I am at an age now where I find myself more likely to re-read books I loved when I was young than to seek out new authors. I am not sure exactly why. I suspect that it is because when I was young I read everything much less critically which gave the love a chance to grow. These days I read with a more jaundiced eye particularly towards people working in my own genres. I am much more aware of the tricks used and am much more easily bounced out of my willing suspension of disbelief. I do not for a moment believe that writers working today are less skilled than the ones I used to read, I can actually see that in some cases they are much more so. It’s just that these days I set the bar much higher. That’s my theory anyway.
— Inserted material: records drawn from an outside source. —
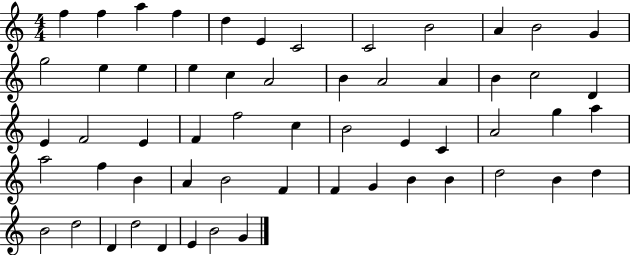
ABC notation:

X:1
T:Untitled
M:4/4
L:1/4
K:C
f f a f d E C2 C2 B2 A B2 G g2 e e e c A2 B A2 A B c2 D E F2 E F f2 c B2 E C A2 g a a2 f B A B2 F F G B B d2 B d B2 d2 D d2 D E B2 G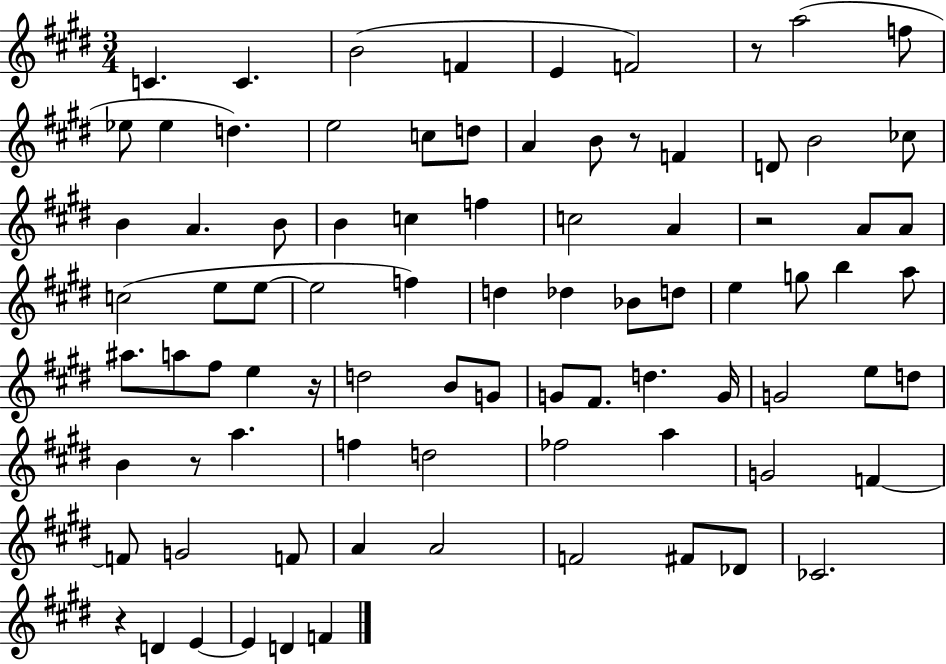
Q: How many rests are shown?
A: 6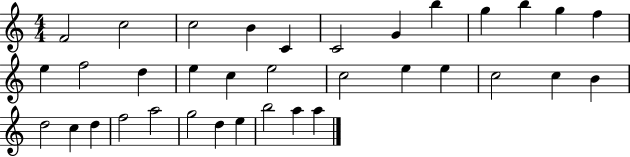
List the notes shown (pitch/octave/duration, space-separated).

F4/h C5/h C5/h B4/q C4/q C4/h G4/q B5/q G5/q B5/q G5/q F5/q E5/q F5/h D5/q E5/q C5/q E5/h C5/h E5/q E5/q C5/h C5/q B4/q D5/h C5/q D5/q F5/h A5/h G5/h D5/q E5/q B5/h A5/q A5/q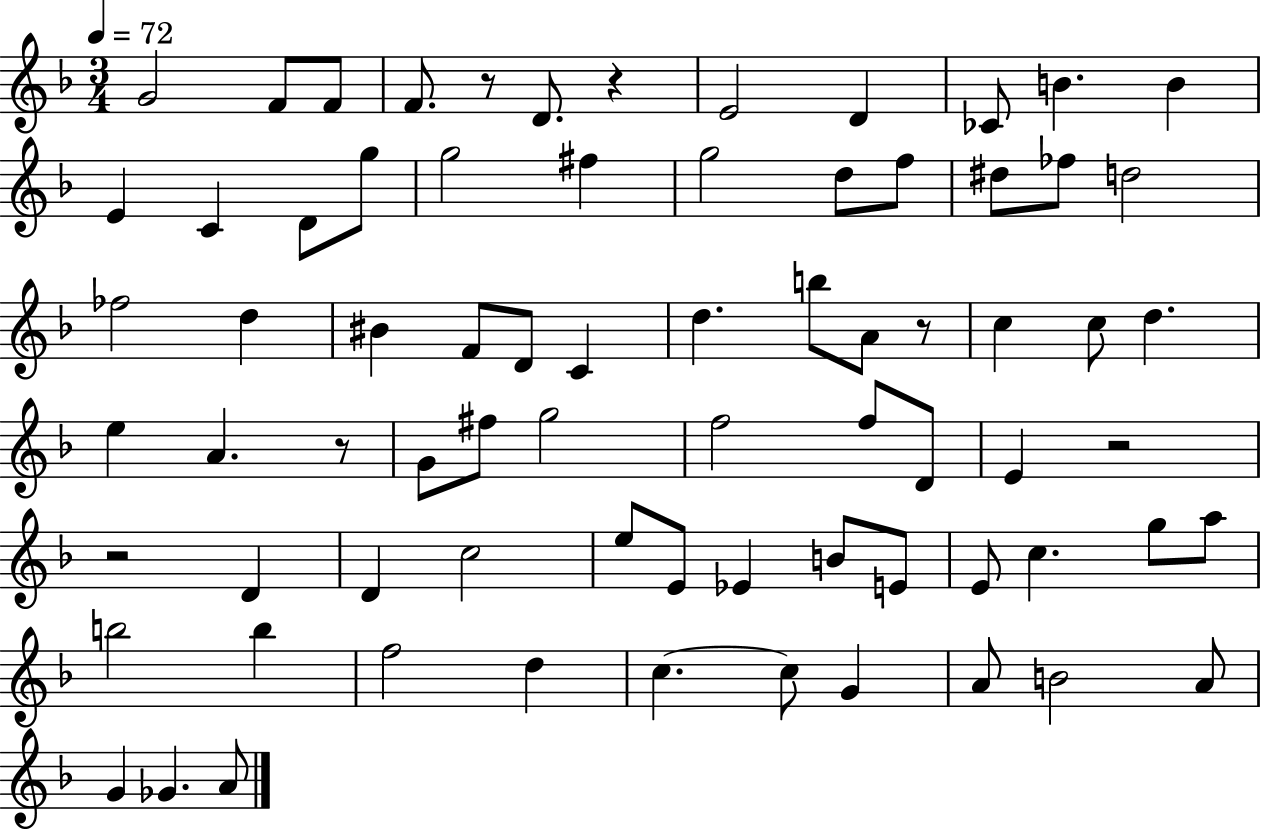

Of course, there are some writers I have come back to again and again all of my life anyway. I re-read The Lord of the Rings every couple of years. I go through the collected works of Robert E Howard and Clark Ashton Smith. There are a number of books by Roger Zelazny and Michael Moorcock I keep coming back to and all of Karl Edward Wagner’s Kane books. I endlessly recycle Raymond Chandler and Dashiel Hammett and Dickens and Tolstoy and Maxim Gorky too.
Of late I find most of the books by writers I am unfamiliar with I read are non-fiction. This is a trend I have noticed among many of my friends as well. I am far less likely to try new fiction than I once was. It shames me to admit it but it is so. Perhaps I have become more risk adverse as I am older. Over the years I have spent a lot of money on books I could not get through the first twenty pages of. Re-reading books I know I enjoyed but which I read long enough to have forgotten the details seems to be my new risk adverse strategy. This has some surprising results sometimes.
Some writers you grow with, you come back to them as you get older and you get more out of them and see more in them. Some are a sort of comfort food of the mind. Some are as unsettling as when you visit the street your childhood home was on and find everything changed. They are not at all what you remember them as being. You find the book you recall bear absolutely no resemblance to the book you are reading.You find writers you admired when you were a teenager seem like total nobs when you read them in middle age (Jack Kerouac I am looking at you.)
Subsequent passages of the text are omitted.